When I began to dig deeper into the New Hampshire opioid problems, I came across a clip from MSNBC’s “All In With Chris Hayes” show featuring Sen. Maggie Hassan, D-N.H. She was reviewing the measures taken by the Trump administration’s opioid commission, such as deploying medications aimed at preventing overdose deaths. Hayes interrupted, “But drug deaths are continuing to rise.” Hassan paused, but otherwise continued as if nothing out of the ordinary had been announced.

But Hayes was right. As a New York Times report notes, drug deaths in the U.S. are rising faster than ever. Drug overdoses, according to the Times, now is the leading cause of death among Americans under 50. This is despite millions in supposed drug interventions, and ongoing fights about millions more that must be spent.

I remain disconcerted by the nonchalant-ness most people in New Hampshire attributed to the crash specifically and opioid overdoses generally. Even good reporting can lead to a desensitized public. And I’m worried as more stories of opioid addiction, accidents and deaths come to light, the less the public will care.
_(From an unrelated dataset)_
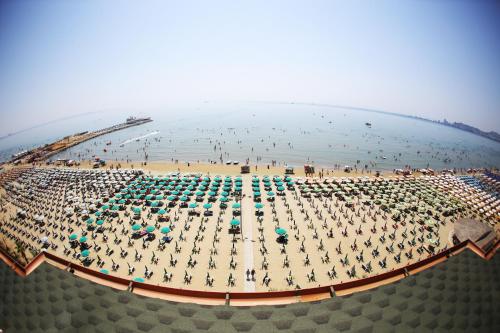 Perandor Beach - image 8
We appear caught in a cycle in which we say bad things about drugs, and tend to label addicts as medically diseased — a situation that could affect any one of us at any moment. I’m not sure all of that is true, because that narrative — the one that’s led us here and continues to fail us — omits the correlation between opioid addiction and social condition.

There is no mistake that social conditions — unemployment, disability, poverty — all contribute to the opioid epidemic. But rarely do we hear politicians discussing opioid use in such terms.

“Just Say No” didn’t work in the 1980s. It surely isn’t helping us now.